Washington Sues DOE to Halt Waste Shipments to Hanford

New Report Questions Radiation and Human Health Computer Models


* Washington state filed suit against the Department of Energy (or DOE) recently in order to halt shipments of transuranic waste into the state after DOE failed to comply with a shipping agreement that the two parties made last year.

Last December, Washington agreed to accept 170 barrels of waste in exchange for a timeline by which DOE must remove the thousands of barrels of buried waste already stored at Hanford. The site has accepted 40 barrels from other states as a show of good faith, but DOE has yet to produce a timeline, although it was supposed to be completed by March 1st.

Also, Tom Fitzsimmons, head of Washington's Ecology Department, opted to create a timeline himself for DOE to remove Hanford's waste.

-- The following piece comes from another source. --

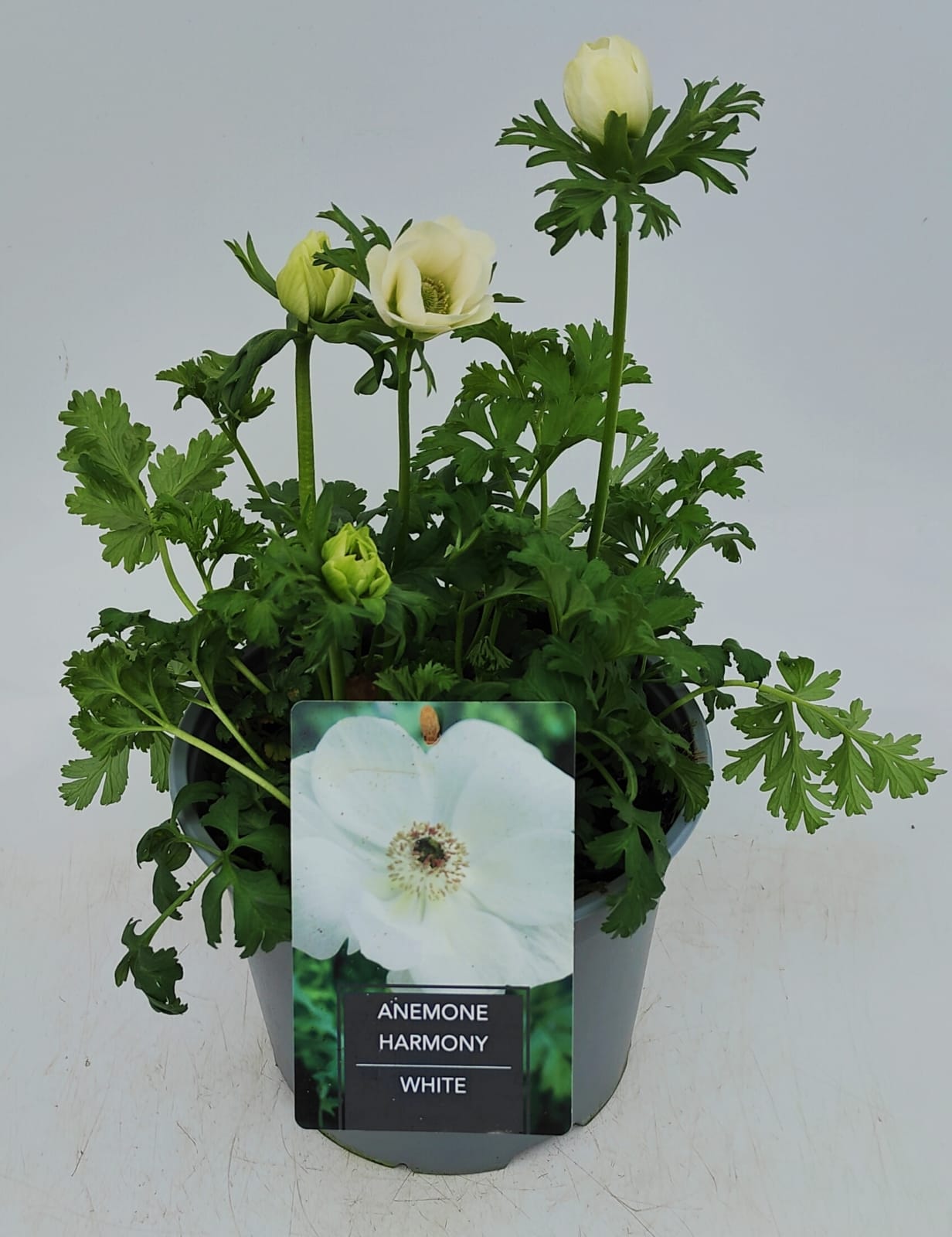 x1 Anemone Harmony White 19cm/3Ltr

Due to a 1989 agreement, Fitzsimmons has the authority to establish deadlines for waste removal if the state and DOE cannot come to agreement about the timeline. Washington and DOE had been discussing the deadlines for several years, but discussions broke down at the end of February, spurring Washington to establish the deadlines for removing the transuranic waste itself.

Transuranic waste is radioactive waste, which is contaminated with neptunium and plutonium and other radionuclides. The waste from other states was to be checked and repacked at Hanford before being shipped to the Waste Isolation Pilot Plant near Carlsbad, along with Hanford's own waste.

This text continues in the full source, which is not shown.